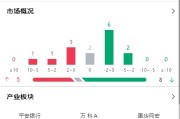 A股系统/Java股票系统/新股申购/大宗交易/股票交易系统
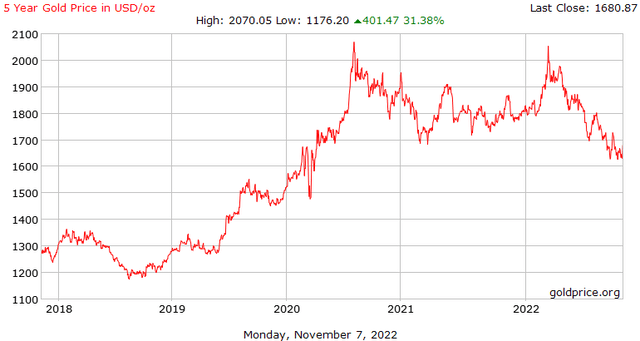 5-year gold price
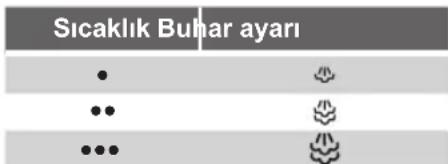 SIEMENS TS22XTRM24 - Buhar kontrolü ütüleme sırasında üretilen buhar miktarını ayarlamak için kullanılır. - 1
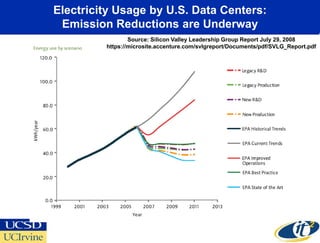 Electricity Usage by U.S. Data Centers:
 Emission Reductions are Underway
                 Source: Silicon Valley Leadership Group Report July 29, 2008
         https://microsite.accenture.com/svlgreport/Documents/pdf/SVLG_Report.pdf
 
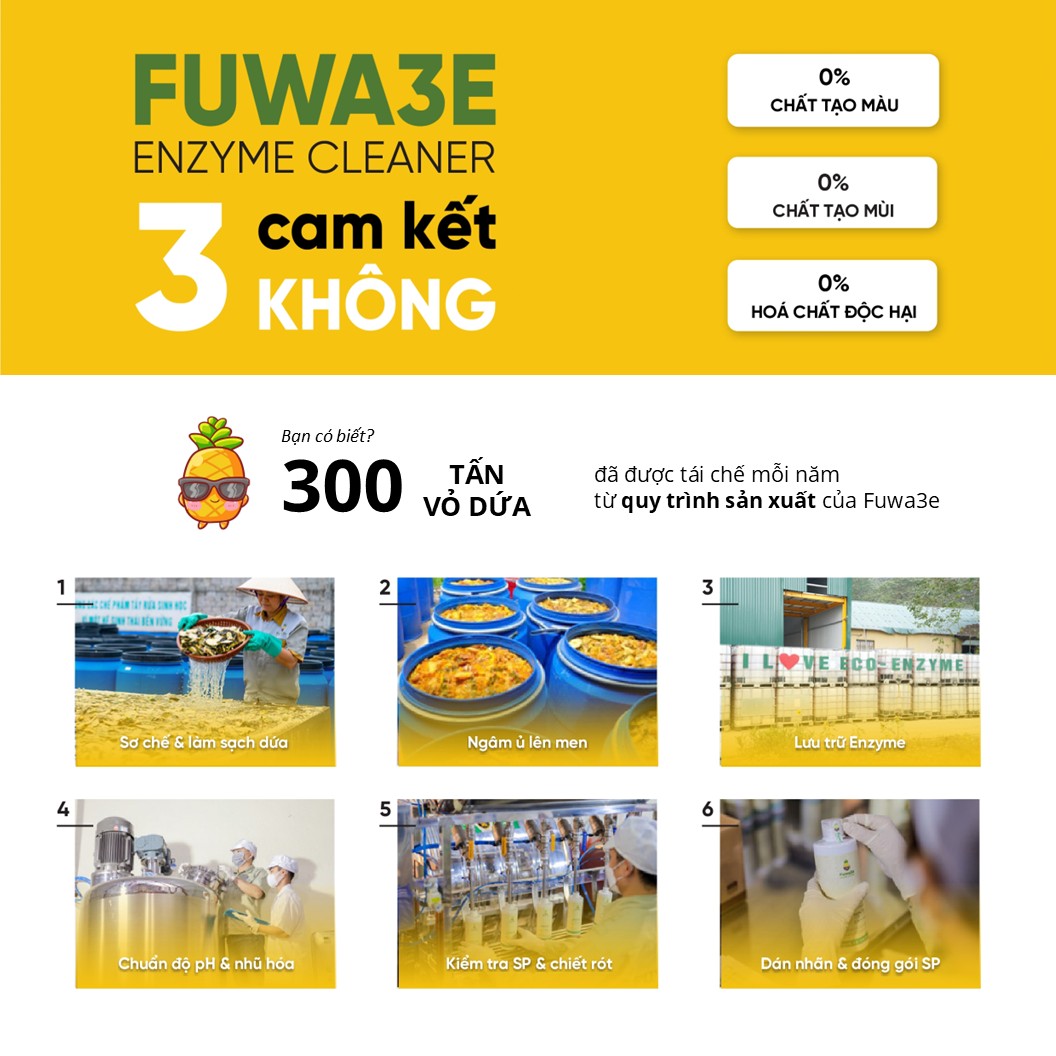 Nước rửa chén Fuwa3e 3,8L — ảnh 5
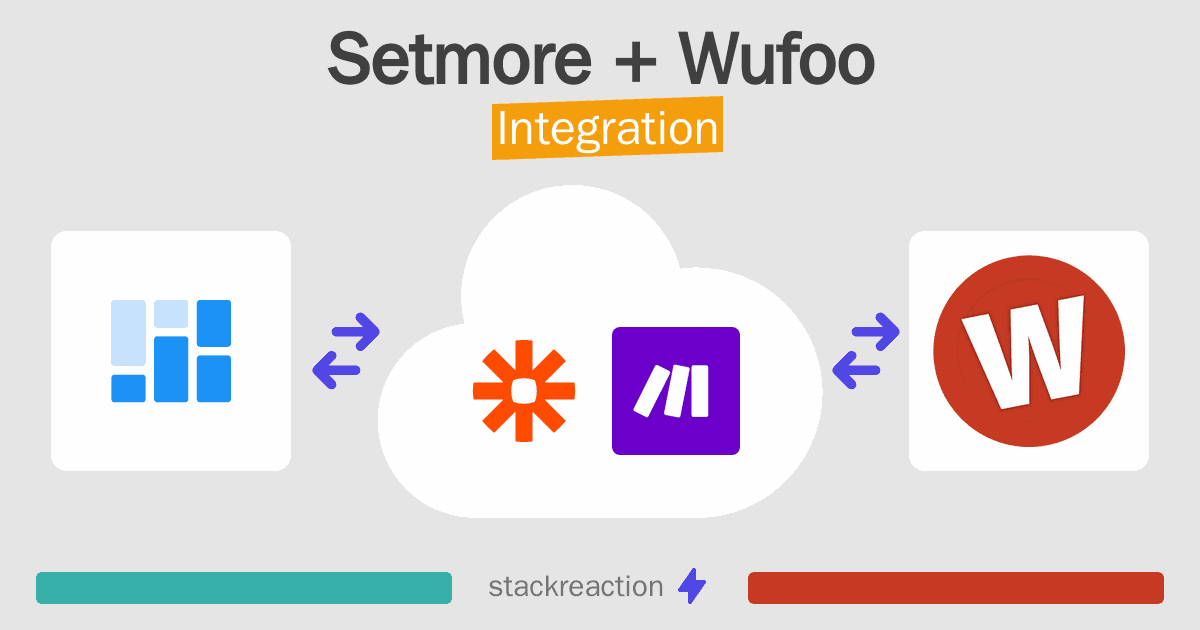 Setmore and Wufoo Integration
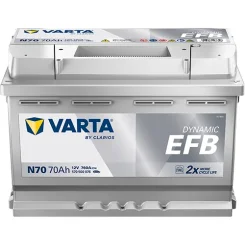 Akkumulátor 12V 70Ah/760A L- 278X175X190 Dynamic Efb - VARTA (570500076K262)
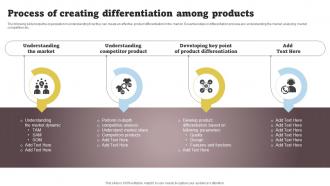 Product Differentiation Process Of Creating Differentiation Among Products Strategy SS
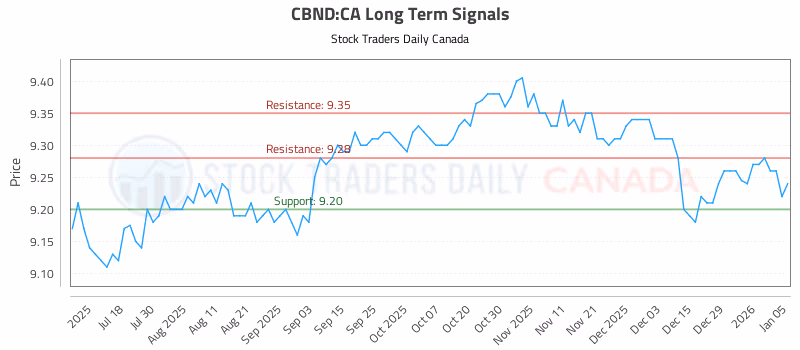 Stock Chart for CBND:CA
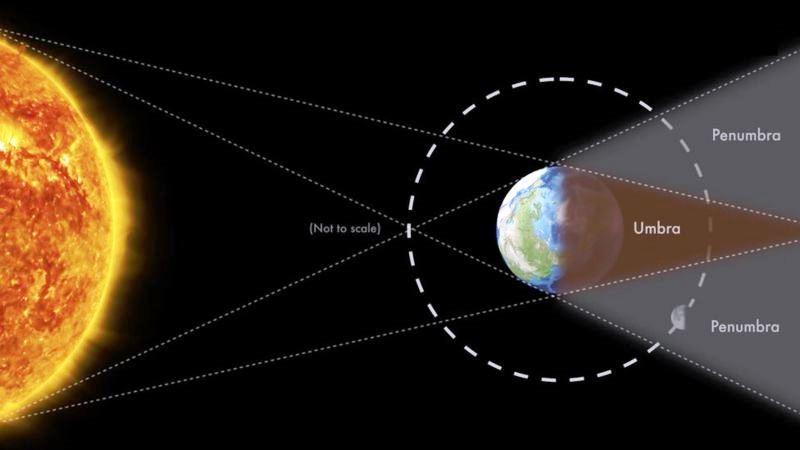 Eclipse lunar e superlua: onde será visível o fenômeno de 26 de maio?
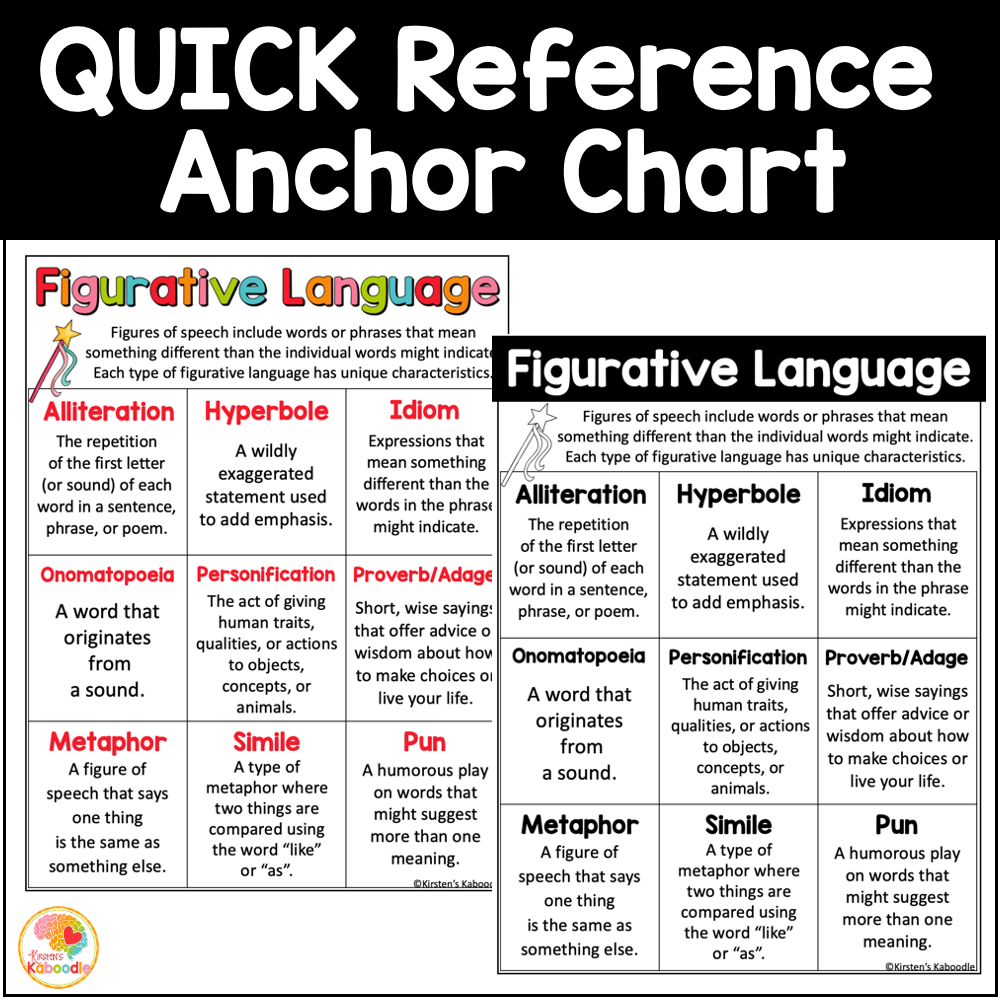 Figurative Language Anchor Charts Posters And Reference Sheets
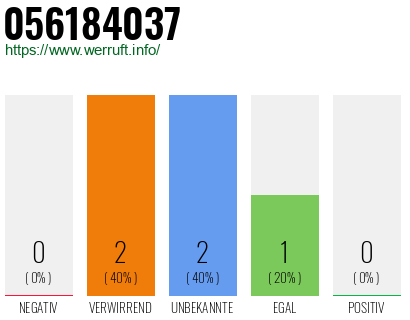 Rufnummer 056184037 Telefonnummer 056184037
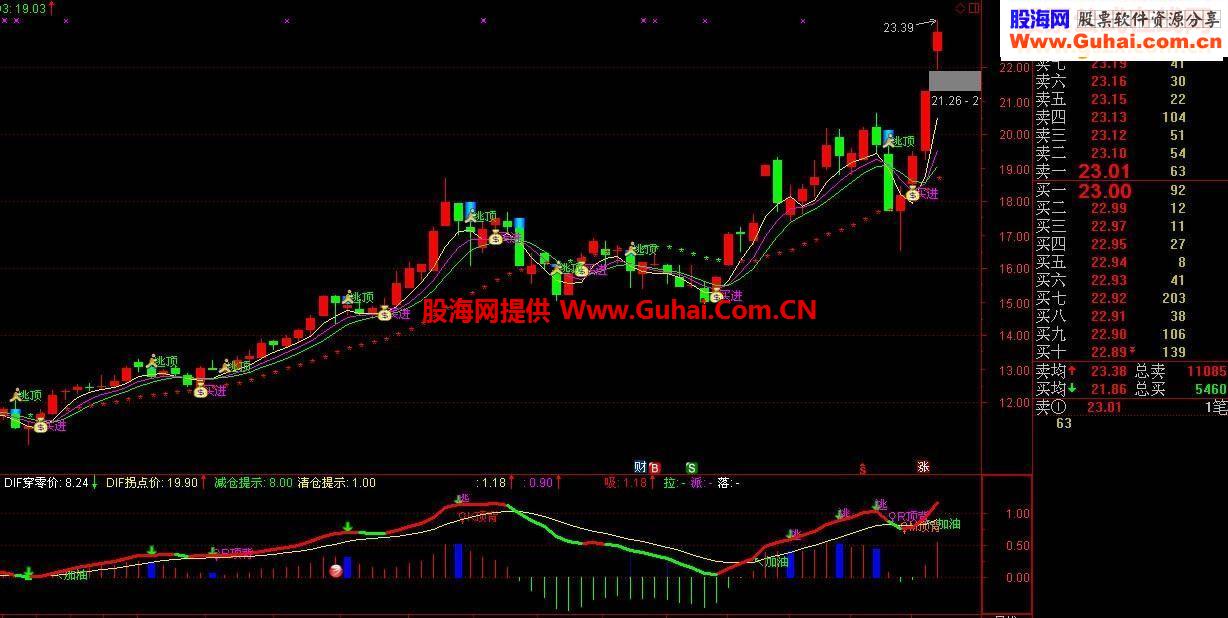 通达信钱袋子源码副图
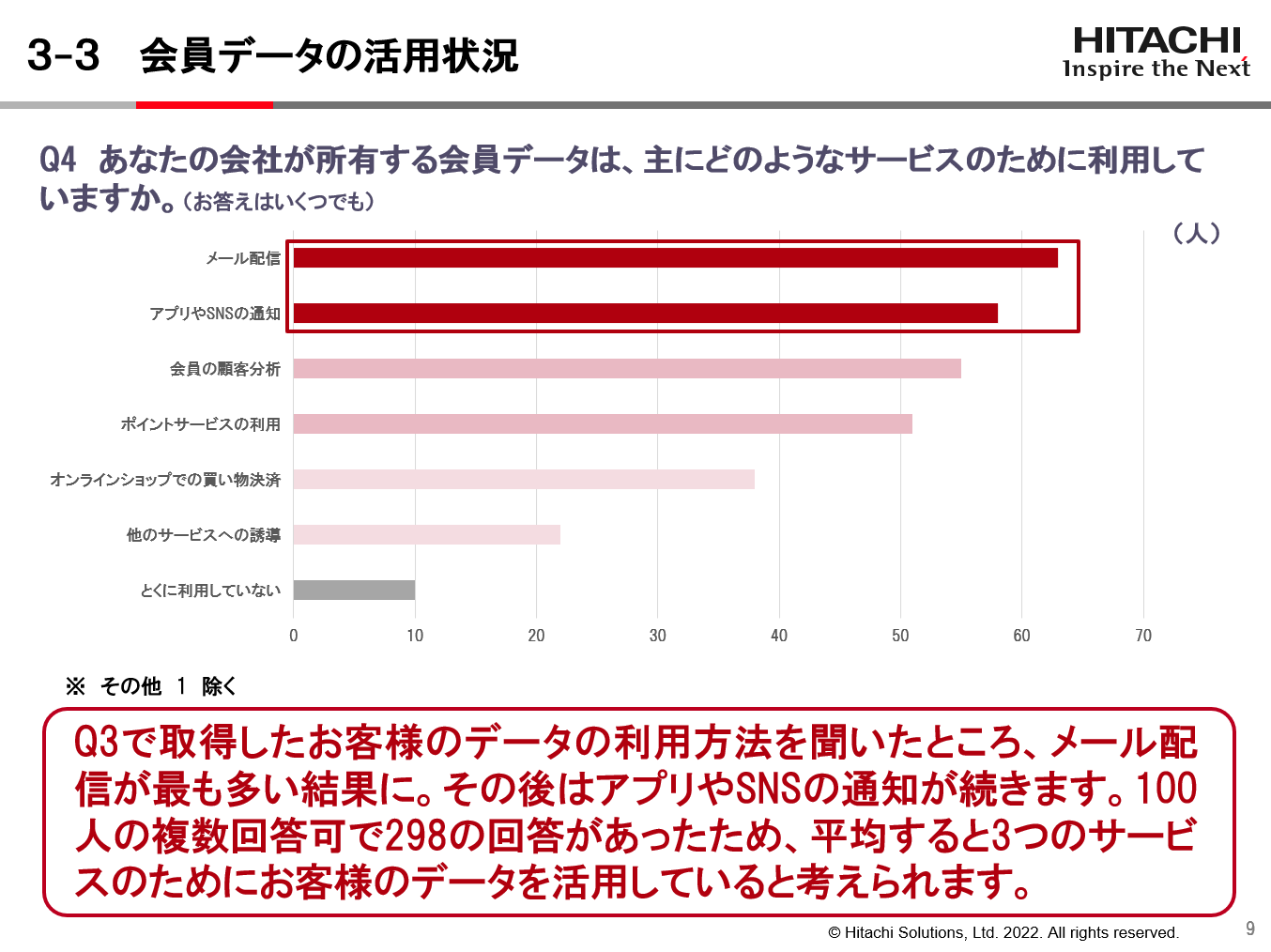 会員データの活用状況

What is needed — Restate exactly the lines that start at the "Figurative Language Anchor" line and end with the last line of the material above, leaving out the pictures.

Exercise response —
 Figurative Language Anchor Charts Posters And Reference Sheets
 Rufnummer 056184037 Telefonnummer 056184037
 通达信钱袋子源码副图
 会員データの活用状況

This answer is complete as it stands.